Briefly, it's evidence that you're
- Capable of writing at a professional level
- Capable of writing within relatively narrow confines (page, already existing history, etc).
For finding collaborators, that's invaluable. An artist who is trying to break in needs a writer who can write at that level, and is serious about putting in the work. Most aren't. Many people want to be a writer; few want to write. Having won the award, there's an assurance that they'll be hitching their wagon to someone reliable (though maybe not to their personal tastes; but at the very least they won't waste their time reading a bunch of mediocre scripts; it will at least be competent).
Immediately I was given 'open ears' to pitch to editors at a couple of mid-level publishing companies; sitting in a bar, one higher up told me "oh yeah, we love Mark, he does the work so we don't have to"
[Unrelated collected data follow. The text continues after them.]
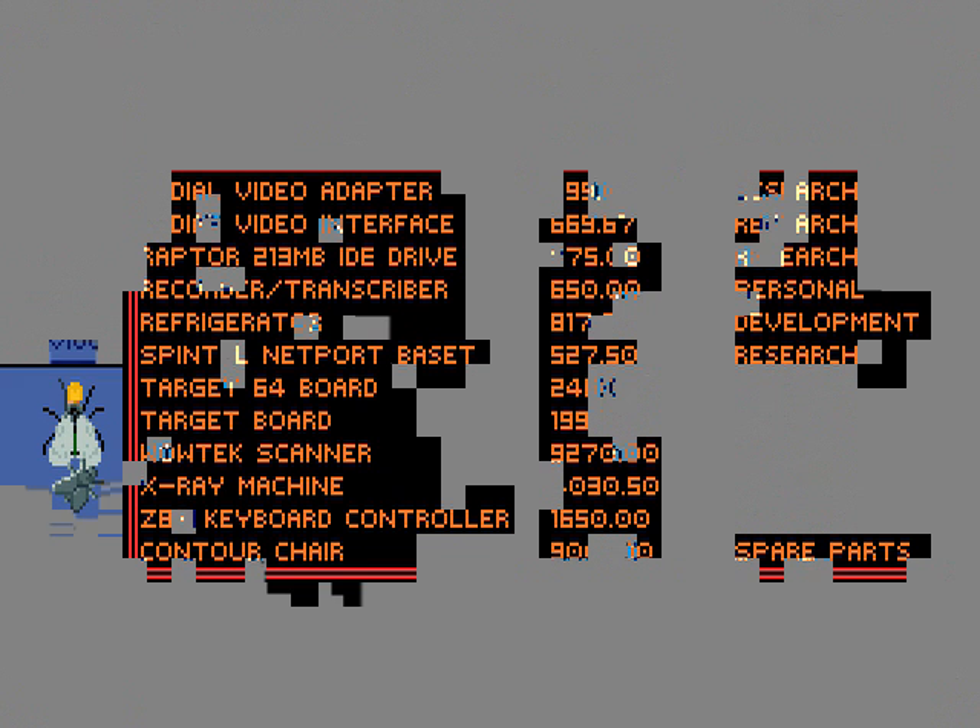Let's see if there's any more than this. Yes, one more place. A radial video adapter, a radial video interface, a Raptor 213 MB IDE drive. I'm not even using IDE anymore — it's been replaced by serial ATA. But apparently this research lab is still using it for some reason.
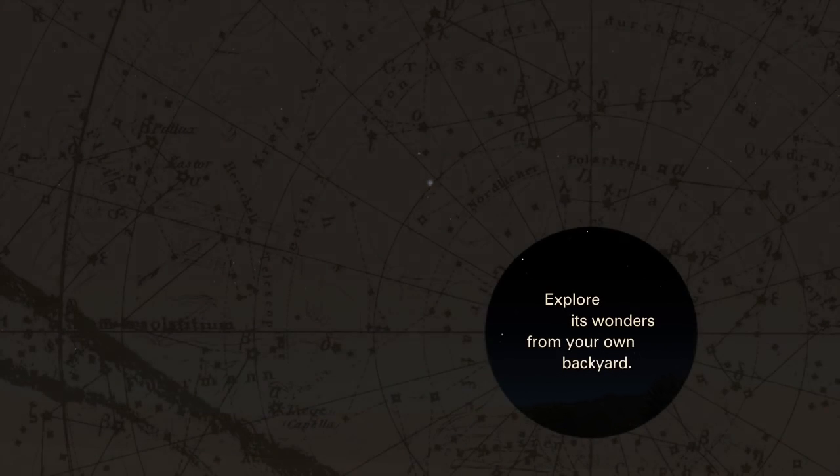The night sky is always a celestial showcase. Explore its wonders from your own backyard.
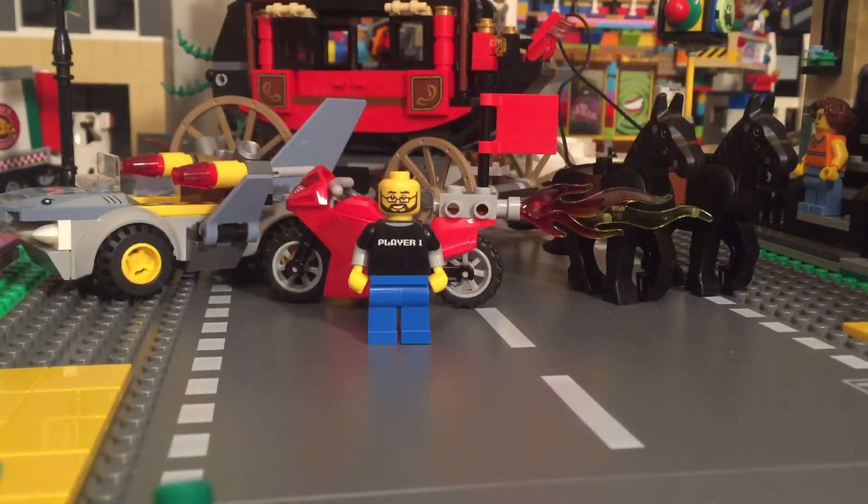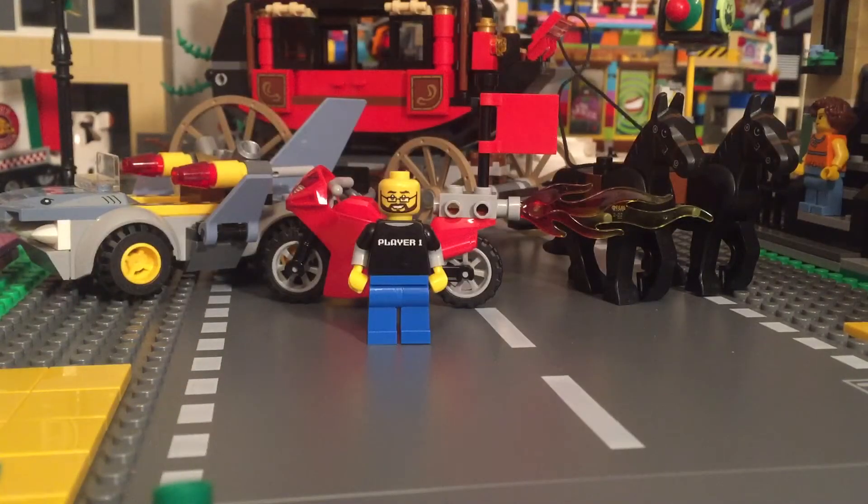Hey YouTube, Brick Smith here! I got a sig fig tray from BK Bricks on Instagram — it's pretty awesome, I'm excited! Opening it now... yes sir, excellent! I love the torso. If you guys don't know what I'm talking about, I'll show you in a second.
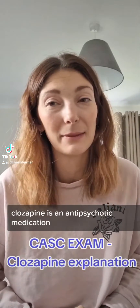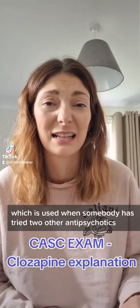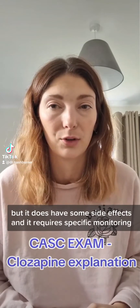Clozapine is an antipsychotic medication which is used when somebody has tried two other antipsychotics and they haven't been helpful. Clozapine is highly effective but it does have some side effects and it requires specific monitoring.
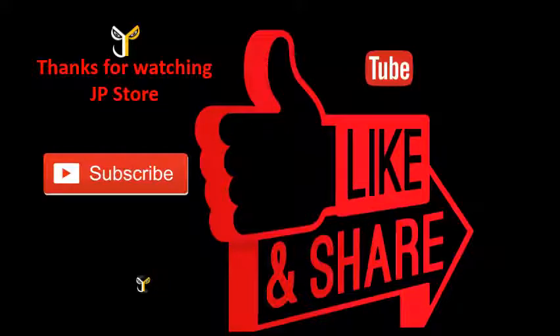Thanks for watching JP Store. Please do subscribe, like, and share.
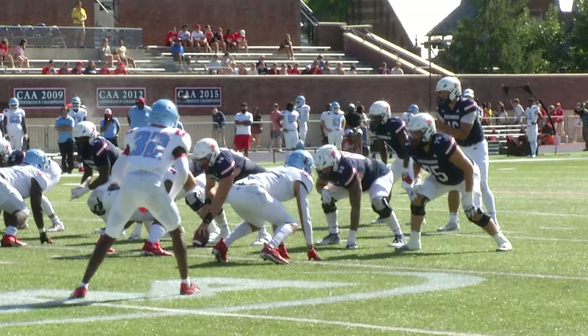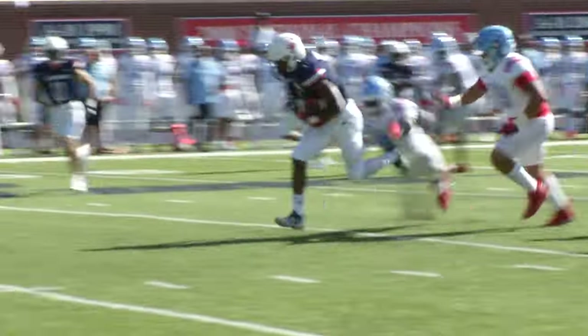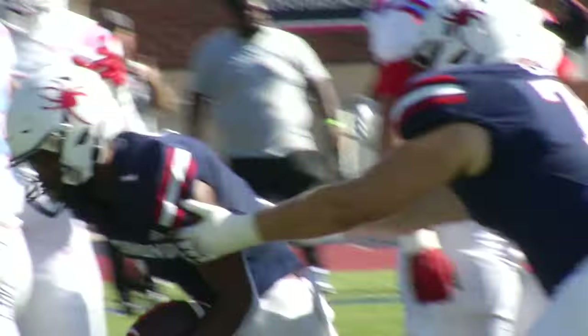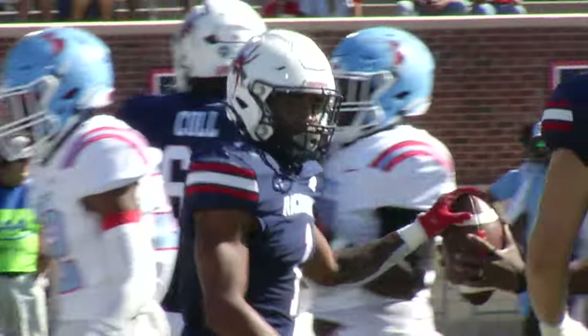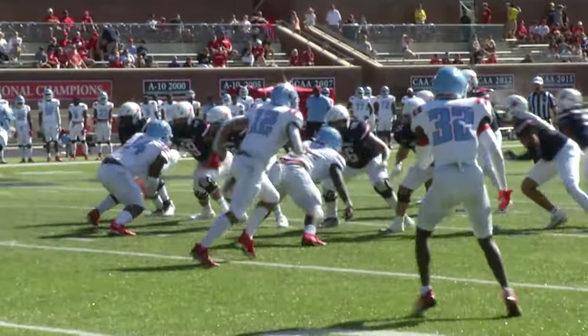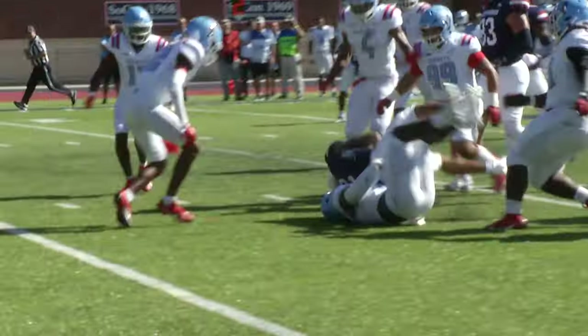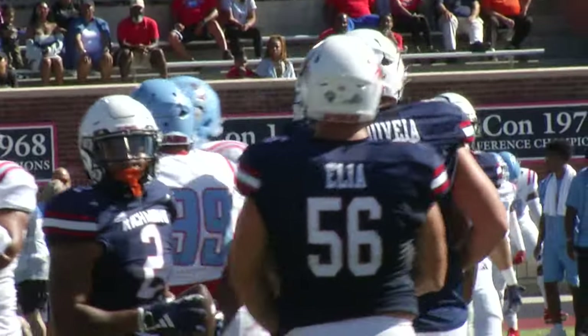Start to get the ball to the receivers downfield and get it in front of them. Mylon Howard takes the handoff this time, breaks tackles, pirouettes inside the 20. Spiders are in the red zone down to the 16-yard line. Both running backs have excelled on this drive. Let's see if we can give him enough time to look down the field. Savon Smith bursts into the secondary, gets back inside the 10-yard line, and down to about the 8.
That doesn't mean anyone's going to publish your work. For a while, it basically meant I got an opportunity to get rejected a lot. But that's valuable too -- pushing you in different directions, refining what you do.
I won't go into it specifically, but @Mark_Millar personally took time and effort to look at some of my stuff and help me out -- above and beyond anything promised by winning the contest. He's been an AMAZING supporter. I owe him so much.
I'll have three series announced in 2017, one ongoing and two minis (though there is a chance one of those will be turned into an OGN). They're all collaborations with incredible artists. I can't say anymore, but the feedback I've gotten from some of the biggest people in the industry - editors, artists, writers - has been overwhelmingly positive.
And I owe much of that to winning this thing.
Also, it was nice to have some pocket money, and it's cool that I get to vote in the Harvey Awards, and it helps to say at cons that you've actually published something, and a thousand other small things.
I know a couple of others have gotten deals subsequently (Ricardo, Steve) as well.